◆ **DATA IN THIS EXERCISE**:
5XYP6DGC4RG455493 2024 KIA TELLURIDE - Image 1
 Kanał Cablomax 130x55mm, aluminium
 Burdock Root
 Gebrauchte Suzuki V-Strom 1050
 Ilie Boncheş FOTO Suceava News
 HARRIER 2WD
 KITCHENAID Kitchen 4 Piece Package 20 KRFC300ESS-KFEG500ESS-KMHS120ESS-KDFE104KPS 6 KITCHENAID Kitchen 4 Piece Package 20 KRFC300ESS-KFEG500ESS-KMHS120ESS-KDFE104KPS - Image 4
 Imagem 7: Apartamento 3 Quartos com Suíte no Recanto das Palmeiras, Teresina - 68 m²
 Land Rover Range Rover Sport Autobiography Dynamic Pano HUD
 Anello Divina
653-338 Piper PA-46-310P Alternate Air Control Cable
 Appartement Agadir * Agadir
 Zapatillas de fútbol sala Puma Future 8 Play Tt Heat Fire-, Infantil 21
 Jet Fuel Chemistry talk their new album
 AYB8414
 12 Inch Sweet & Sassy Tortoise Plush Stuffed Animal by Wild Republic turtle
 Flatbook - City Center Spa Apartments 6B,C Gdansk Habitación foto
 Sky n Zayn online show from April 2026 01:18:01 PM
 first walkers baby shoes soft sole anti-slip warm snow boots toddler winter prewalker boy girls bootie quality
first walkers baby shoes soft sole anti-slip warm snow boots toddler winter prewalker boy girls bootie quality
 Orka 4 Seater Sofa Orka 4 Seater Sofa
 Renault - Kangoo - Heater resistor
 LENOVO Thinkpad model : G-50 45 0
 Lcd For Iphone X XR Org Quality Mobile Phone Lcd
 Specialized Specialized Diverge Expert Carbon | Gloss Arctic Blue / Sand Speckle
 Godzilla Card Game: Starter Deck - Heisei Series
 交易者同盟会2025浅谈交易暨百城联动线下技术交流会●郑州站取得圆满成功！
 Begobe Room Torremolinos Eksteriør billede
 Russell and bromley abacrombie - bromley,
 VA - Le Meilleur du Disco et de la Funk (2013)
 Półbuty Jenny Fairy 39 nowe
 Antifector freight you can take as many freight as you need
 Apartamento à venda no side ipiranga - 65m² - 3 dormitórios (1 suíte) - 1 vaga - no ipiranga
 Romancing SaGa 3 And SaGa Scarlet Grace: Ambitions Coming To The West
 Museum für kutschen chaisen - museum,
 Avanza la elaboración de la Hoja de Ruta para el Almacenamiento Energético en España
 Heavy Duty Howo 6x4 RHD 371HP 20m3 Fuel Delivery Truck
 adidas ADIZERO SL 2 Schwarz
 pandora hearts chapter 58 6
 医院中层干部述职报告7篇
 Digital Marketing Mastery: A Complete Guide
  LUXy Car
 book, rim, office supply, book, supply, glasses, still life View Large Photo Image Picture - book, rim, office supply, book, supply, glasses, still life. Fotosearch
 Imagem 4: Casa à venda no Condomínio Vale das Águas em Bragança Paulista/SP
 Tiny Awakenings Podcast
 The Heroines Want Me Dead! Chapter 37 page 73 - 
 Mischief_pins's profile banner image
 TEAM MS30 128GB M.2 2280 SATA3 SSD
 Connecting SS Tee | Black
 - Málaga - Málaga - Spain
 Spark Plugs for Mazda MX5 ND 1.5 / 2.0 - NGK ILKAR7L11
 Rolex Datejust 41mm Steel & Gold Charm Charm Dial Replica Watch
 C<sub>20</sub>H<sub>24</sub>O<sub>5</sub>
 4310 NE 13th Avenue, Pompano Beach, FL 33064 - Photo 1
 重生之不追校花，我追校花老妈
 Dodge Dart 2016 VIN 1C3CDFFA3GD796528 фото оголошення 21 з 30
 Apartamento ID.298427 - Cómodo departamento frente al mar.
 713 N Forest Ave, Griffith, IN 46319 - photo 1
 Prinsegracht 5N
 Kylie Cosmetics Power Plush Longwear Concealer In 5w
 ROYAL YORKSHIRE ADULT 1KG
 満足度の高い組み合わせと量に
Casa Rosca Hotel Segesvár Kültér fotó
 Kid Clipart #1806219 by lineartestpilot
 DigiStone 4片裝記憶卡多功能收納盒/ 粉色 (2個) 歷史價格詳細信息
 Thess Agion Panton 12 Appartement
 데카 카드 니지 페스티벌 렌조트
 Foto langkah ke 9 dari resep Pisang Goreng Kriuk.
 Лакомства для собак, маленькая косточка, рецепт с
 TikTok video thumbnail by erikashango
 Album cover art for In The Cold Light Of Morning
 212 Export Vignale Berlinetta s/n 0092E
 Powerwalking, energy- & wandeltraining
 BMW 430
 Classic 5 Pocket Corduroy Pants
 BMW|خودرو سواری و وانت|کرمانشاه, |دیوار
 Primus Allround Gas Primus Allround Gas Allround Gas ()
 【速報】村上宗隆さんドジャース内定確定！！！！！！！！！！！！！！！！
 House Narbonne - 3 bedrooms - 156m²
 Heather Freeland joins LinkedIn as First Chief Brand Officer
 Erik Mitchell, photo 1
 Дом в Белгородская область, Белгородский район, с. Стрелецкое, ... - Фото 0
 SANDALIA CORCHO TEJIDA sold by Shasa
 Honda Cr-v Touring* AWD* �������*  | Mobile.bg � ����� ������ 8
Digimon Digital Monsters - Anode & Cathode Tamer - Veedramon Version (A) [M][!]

◆ **EXERCISE INSTRUCTIONS**: Return each line in the records that holds the string "Fuel".

◆ **SOLUTION FOR THIS TASK**:
 Jet Fuel Chemistry talk their new album
 Heavy Duty Howo 6x4 RHD 371HP 20m3 Fuel Delivery Truck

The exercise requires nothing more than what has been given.